And yet there are a shitload of people out there, like Yoggoth, who understand. It is to you that I speak, then, fellow understanders. We currently have a wonderful arena for our hopes, our fears, our wants, our joys. This was not always the case. My pet example is 1980s American cinema. It's my opinion that cinema was in a screaming pile of shit at that time. Things are much better now, for reasons that I'll save for another post, I guess. They're not perfect, either. It's not quite the 1970s - but it's not too far off, either, and that's saying something. Mostly it's hard to say how the 00's will stack up in the long run, and that makes film reviewing a very difficult activity. Paid film critics have to see so many really bad movies that I think they tend to overrate the reasonably decent ones. The truth is that masterpieces are hard to make. But critics see a movie that is at least trying to be a masterpiece - like Children Of Men, for example - and they go all out crazy. Masterpieces are delicate little creatures. Sometimes they are blaringly obvious on first viewing, but more often than not it takes a little time to let a film's true colors show. I don't think it's very important. Everyone was scrambling around like chickens with their heads cut off trying to figure out whether or not The Departed was a "masterpiece" or not. Who cares? Just enjoy it for what it is, and then figure it out later. Since when did we have to be so scientific about the categorization of art?

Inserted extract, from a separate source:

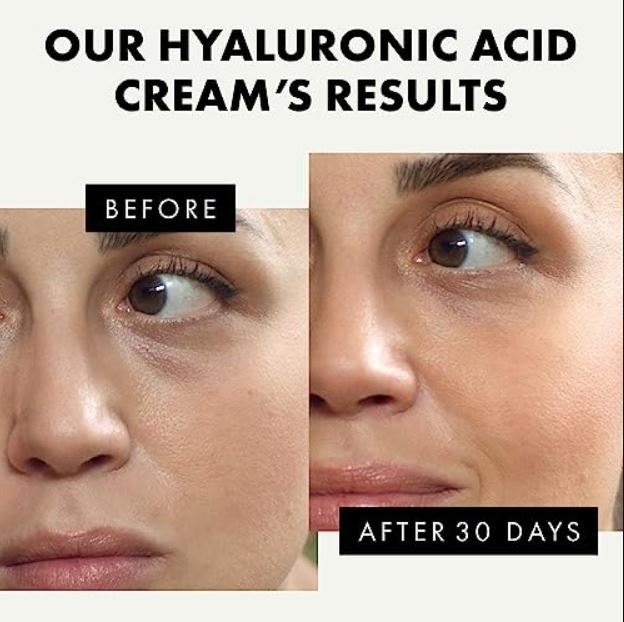 Crème à l'acide hyaluronique biologique  avec rétinol pour le visage - vitamines C et E -  3X PLUS EFFICACE avec 2% d'AH - Crème hydratante anti-âge + Rétinol Hydrate et raffermit jour et nuit - VEGAN / DÉVELOPPÉ PAR UN DERMATOLOGUE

In that spirit, I will not provide ratings for the films I discuss, because I am taking the coward's way out and just writing a bunch of pretentious nonsense.

Here we go!


yoggoth said...

Of course you could say the same thing about contemporary music...

Little Earl said...

No, YOU could say the same thing about contemporary music. I think you know my opinion (that there's not even good "real" music out right now).